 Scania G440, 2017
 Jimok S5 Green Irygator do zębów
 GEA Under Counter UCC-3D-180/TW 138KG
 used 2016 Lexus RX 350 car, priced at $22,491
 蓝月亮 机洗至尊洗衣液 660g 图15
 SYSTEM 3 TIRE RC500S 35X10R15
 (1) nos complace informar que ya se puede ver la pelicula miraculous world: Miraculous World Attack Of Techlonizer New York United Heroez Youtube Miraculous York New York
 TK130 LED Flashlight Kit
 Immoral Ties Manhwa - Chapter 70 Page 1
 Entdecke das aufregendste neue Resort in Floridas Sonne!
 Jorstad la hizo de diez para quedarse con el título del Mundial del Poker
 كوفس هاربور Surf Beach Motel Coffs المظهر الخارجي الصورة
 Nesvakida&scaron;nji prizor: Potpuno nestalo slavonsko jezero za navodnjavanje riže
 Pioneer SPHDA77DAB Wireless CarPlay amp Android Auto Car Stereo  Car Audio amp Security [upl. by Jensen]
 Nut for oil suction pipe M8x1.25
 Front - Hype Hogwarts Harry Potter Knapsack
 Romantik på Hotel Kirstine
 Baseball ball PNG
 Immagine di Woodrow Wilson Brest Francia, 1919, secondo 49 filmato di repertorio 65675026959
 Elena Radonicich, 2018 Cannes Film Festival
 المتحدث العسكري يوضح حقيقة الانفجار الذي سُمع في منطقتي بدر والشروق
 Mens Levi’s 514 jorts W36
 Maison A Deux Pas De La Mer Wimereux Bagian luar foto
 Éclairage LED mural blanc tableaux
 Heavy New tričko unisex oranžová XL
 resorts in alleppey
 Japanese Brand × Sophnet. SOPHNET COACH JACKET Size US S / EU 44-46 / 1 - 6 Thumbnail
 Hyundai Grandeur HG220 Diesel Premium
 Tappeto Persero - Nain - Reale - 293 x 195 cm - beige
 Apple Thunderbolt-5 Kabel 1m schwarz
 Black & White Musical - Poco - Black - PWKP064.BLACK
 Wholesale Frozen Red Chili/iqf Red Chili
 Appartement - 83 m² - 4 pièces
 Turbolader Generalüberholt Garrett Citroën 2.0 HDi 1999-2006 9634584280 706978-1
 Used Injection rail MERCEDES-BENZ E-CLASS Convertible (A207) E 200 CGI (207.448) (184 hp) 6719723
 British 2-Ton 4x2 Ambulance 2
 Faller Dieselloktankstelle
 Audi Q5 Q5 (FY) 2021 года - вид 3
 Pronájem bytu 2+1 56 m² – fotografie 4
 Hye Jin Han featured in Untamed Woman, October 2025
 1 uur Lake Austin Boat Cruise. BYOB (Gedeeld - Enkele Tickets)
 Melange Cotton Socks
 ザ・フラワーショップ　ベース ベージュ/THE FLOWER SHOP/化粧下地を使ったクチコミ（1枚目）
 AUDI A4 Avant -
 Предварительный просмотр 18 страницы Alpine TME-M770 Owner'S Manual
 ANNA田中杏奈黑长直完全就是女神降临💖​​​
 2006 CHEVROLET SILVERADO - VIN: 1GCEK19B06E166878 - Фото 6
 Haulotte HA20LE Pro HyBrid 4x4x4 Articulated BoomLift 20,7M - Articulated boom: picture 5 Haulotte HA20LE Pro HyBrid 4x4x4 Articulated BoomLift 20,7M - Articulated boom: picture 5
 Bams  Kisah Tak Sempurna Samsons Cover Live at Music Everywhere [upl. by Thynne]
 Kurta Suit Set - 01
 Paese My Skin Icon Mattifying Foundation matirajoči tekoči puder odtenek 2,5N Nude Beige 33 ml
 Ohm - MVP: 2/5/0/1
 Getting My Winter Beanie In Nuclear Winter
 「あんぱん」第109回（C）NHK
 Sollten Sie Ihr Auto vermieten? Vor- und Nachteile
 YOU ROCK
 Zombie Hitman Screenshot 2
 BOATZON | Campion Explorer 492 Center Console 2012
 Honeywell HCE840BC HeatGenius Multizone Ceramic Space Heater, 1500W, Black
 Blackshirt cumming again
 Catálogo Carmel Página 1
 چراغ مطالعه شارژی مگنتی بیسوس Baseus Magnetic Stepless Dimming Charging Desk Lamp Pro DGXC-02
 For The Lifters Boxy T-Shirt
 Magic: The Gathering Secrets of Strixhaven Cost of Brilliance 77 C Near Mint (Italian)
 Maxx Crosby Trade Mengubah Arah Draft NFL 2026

────────────────────

Copy out the lines above exactly, beginning at the one that contains "GEA Under Counter UCC-3D-180/TW 138KG" and ending at the one that contains "Tappeto Persero - Nain".

Response area »
 GEA Under Counter UCC-3D-180/TW 138KG
 used 2016 Lexus RX 350 car, priced at $22,491
 蓝月亮 机洗至尊洗衣液 660g 图15
 SYSTEM 3 TIRE RC500S 35X10R15
 (1) nos complace informar que ya se puede ver la pelicula miraculous world: Miraculous World Attack Of Techlonizer New York United Heroez Youtube Miraculous York New York
 TK130 LED Flashlight Kit
 Immoral Ties Manhwa - Chapter 70 Page 1
 Entdecke das aufregendste neue Resort in Floridas Sonne!
 Jorstad la hizo de diez para quedarse con el título del Mundial del Poker
 كوفس هاربور Surf Beach Motel Coffs المظهر الخارجي الصورة
 Nesvakida&scaron;nji prizor: Potpuno nestalo slavonsko jezero za navodnjavanje riže
 Pioneer SPHDA77DAB Wireless CarPlay amp Android Auto Car Stereo  Car Audio amp Security [upl. by Jensen]
 Nut for oil suction pipe M8x1.25
 Front - Hype Hogwarts Harry Potter Knapsack
 Romantik på Hotel Kirstine
 Baseball ball PNG
 Immagine di Woodrow Wilson Brest Francia, 1919, secondo 49 filmato di repertorio 65675026959
 Elena Radonicich, 2018 Cannes Film Festival
 المتحدث العسكري يوضح حقيقة الانفجار الذي سُمع في منطقتي بدر والشروق
 Mens Levi’s 514 jorts W36
 Maison A Deux Pas De La Mer Wimereux Bagian luar foto
 Éclairage LED mural blanc tableaux
 Heavy New tričko unisex oranžová XL
 resorts in alleppey
 Japanese Brand × Sophnet. SOPHNET COACH JACKET Size US S / EU 44-46 / 1 - 6 Thumbnail
 Hyundai Grandeur HG220 Diesel Premium
 Tappeto Persero - Nain - Reale - 293 x 195 cm - beige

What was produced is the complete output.